In the end, I think anything that gets you out the door and running is awesome. If thats a new pair of shoes that you've never tried before, GREAT! Just keep in mind that if you're going to try something drastically different, do so cautiously. If you find something that works for you, stick with it. If not, figure out what isn't working. Trial and error will help you find your way into the right shoes.
I always feel like I haven't explained my stance well enough, so if you have any questions please don't hesitate to comment.
Tuesday, January 3, 2012
EAT WELL - i see too many people going for the "beach body" and skimping on calories because they think training for the marathon is gonna help them lose weight. this is a large cause of injury. on the other hand, don't cram in crappy, calorie dense foods just because you're hungry.
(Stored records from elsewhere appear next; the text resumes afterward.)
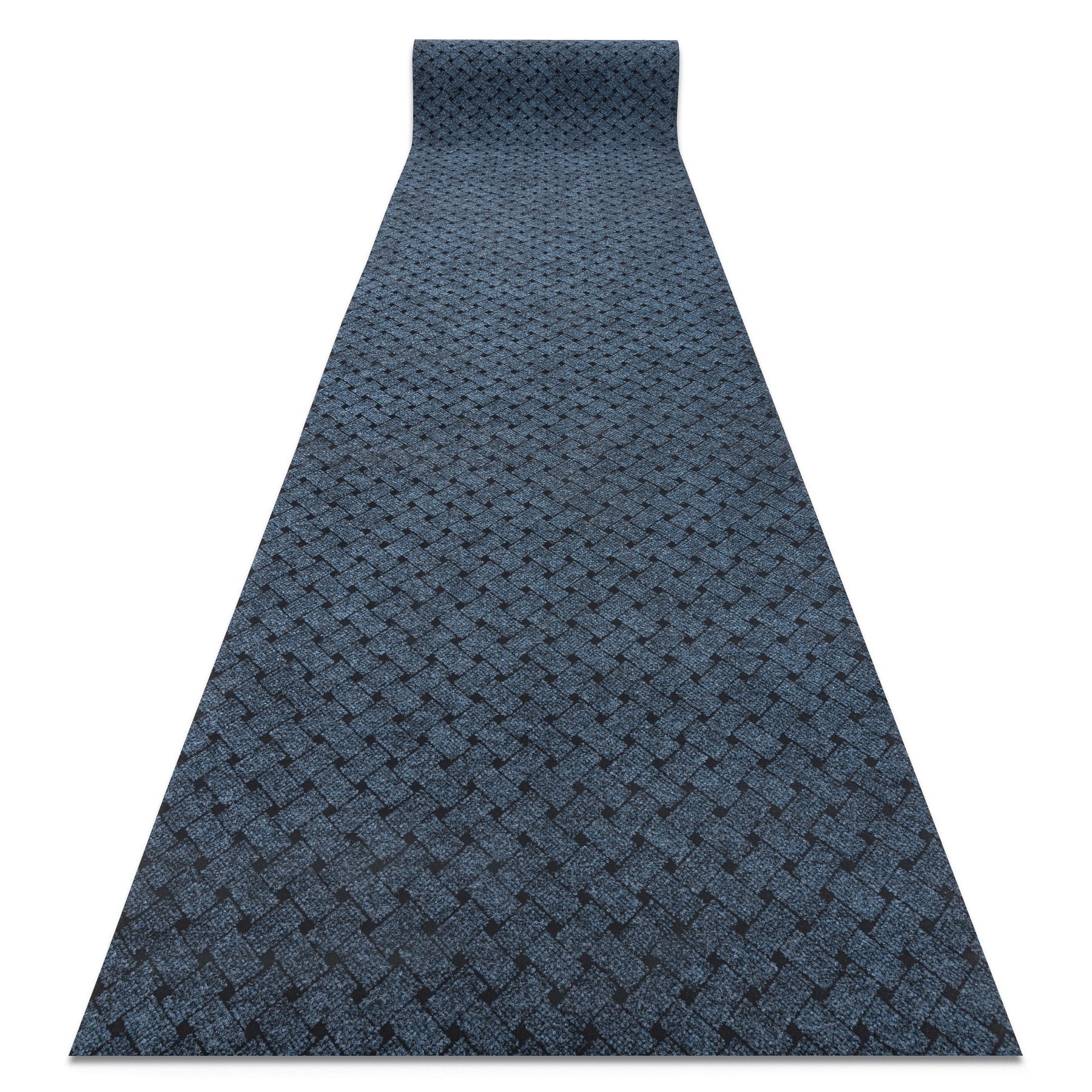 Runner - alfombrilla antideslizante 100 cm vectra 800 exterior, interior azul 100x230 cm
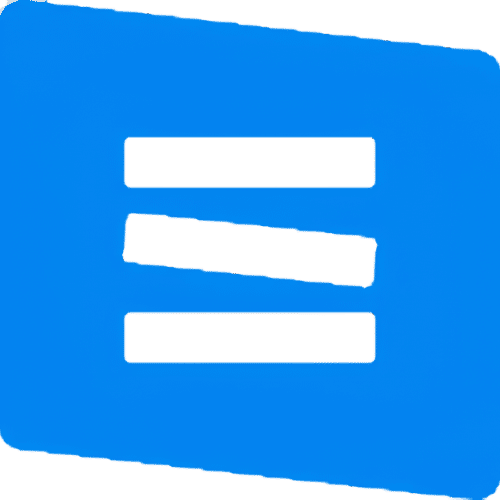 site123 Site123 logo icon, blue rectangle with website builder brand mark
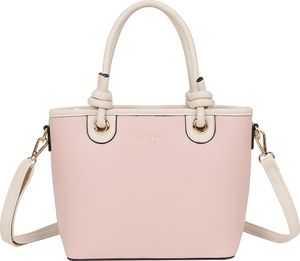 Gallantry, Elegante Damen-Shoppertasche mit Schultergurt, Rosa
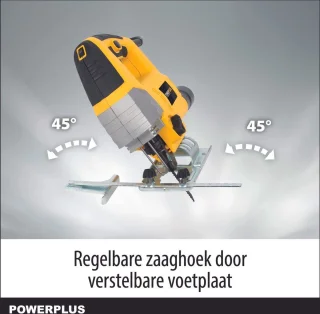 Powerplus POWX0331 elektrische decoupeerzaag 650W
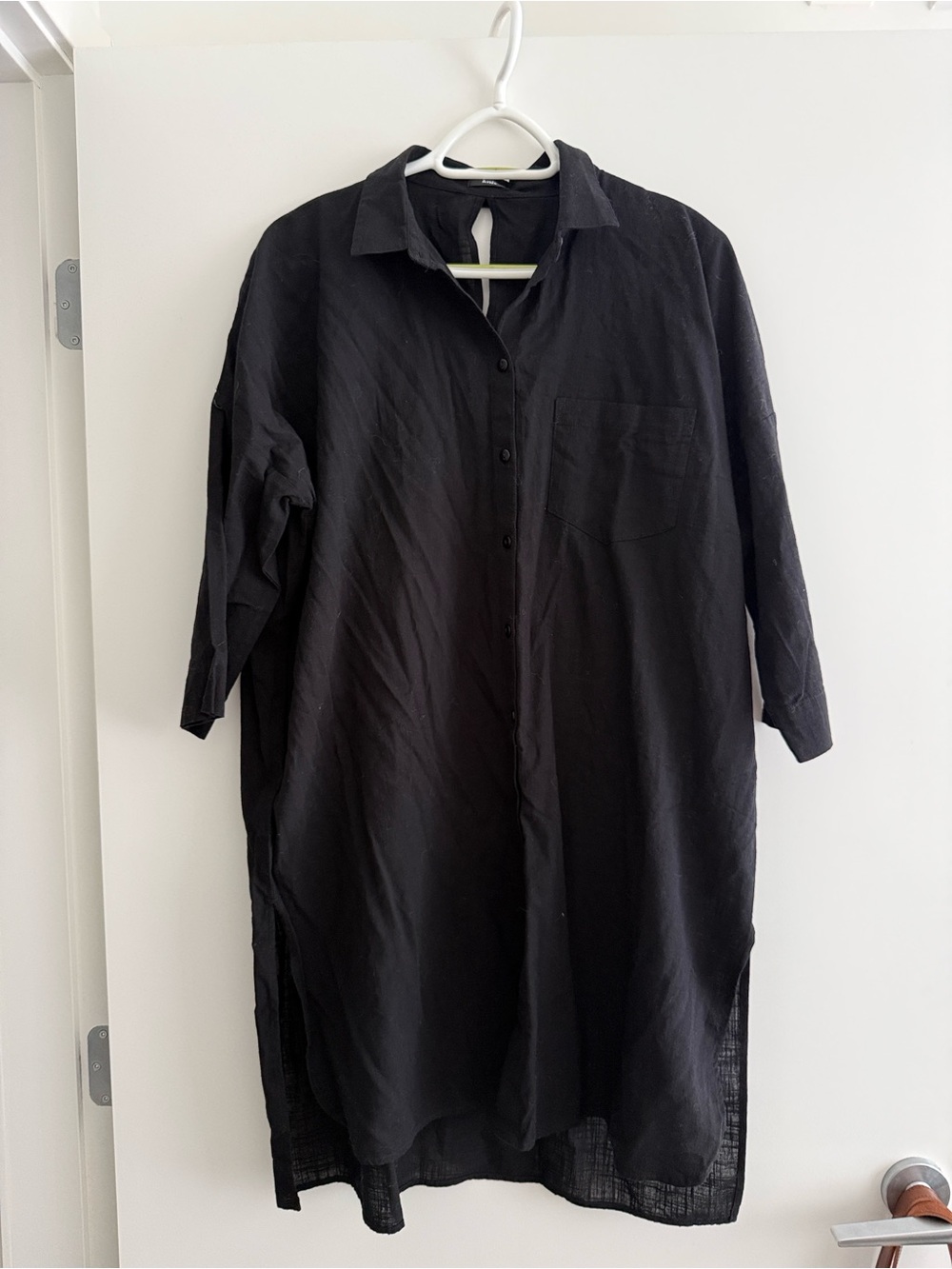 knix Black Lightweight Beach Shirt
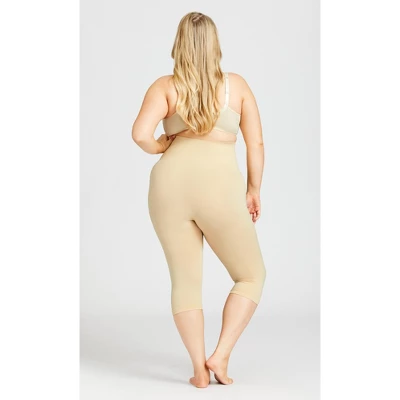 AVENUE | Seamless Hi Waist Capri - Beige 3 AVENUE | Seamless Hi Waist Capri - Beige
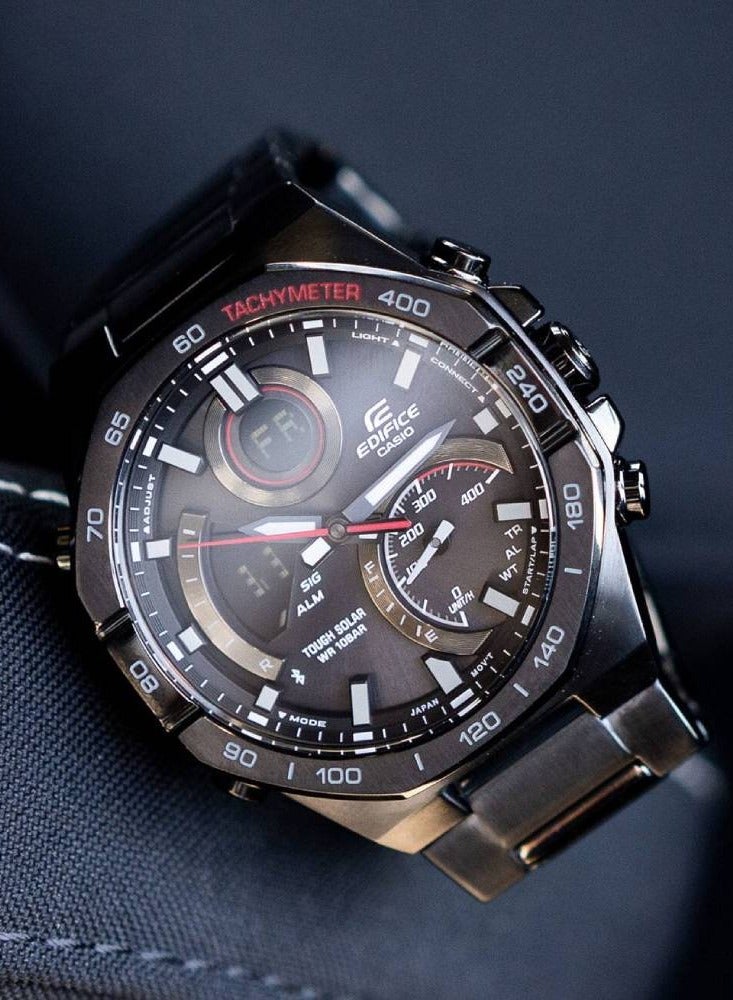 Casio Edifice ECB-950DC-1ADF Analog-Digital Stainless Steel Men's Watch - Image 2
Try to eat calorie dense foods with nutritional benefits like almonds, cashews, peanut butter, hummus, etc. vegetables and vitamins are very important too. protein should probably be the last thing on a person's mind when training for the marathon. the average american eats probably 2-3 times daily what they actually need even if they are training for something like this.
STAY HYDRATED - very important. i'd keep a bottle with you at all times and refill at fountains.
MULTIVITAMIN - if there are any inconsistencies in your diet, or you want to take something during the winter months with lots of vitamin c and d, i'd recommend SportMulti. its what i use now and its awesome. then again, if you already have one that you like just stick with that.
SLEEP - invaluable
STRESS - while its a natural occurrence in any persons day, make sure you remember to take it easy on the runs during stressful days. you're likely to be a lot more exhausted and depleted.
another problem is that people are running all of their miles too fast. if youre trying to hit a target pace for a marathon, that doesn't mean you need to spend 90% of your time running at that pace. its a quick path to injury.
RUN ON SOFTER SURFACES - if your body is a constant muscle ache, you might want to try getting onto a dirt road or trail of some sort. the roads are between 30-50 times harder than even the hardest packed dirt road. also some single-track trail with strengthen your stabilizer muscles while giving you a change of scenery. strengthening stabilizer muscles makes a huge difference late in races.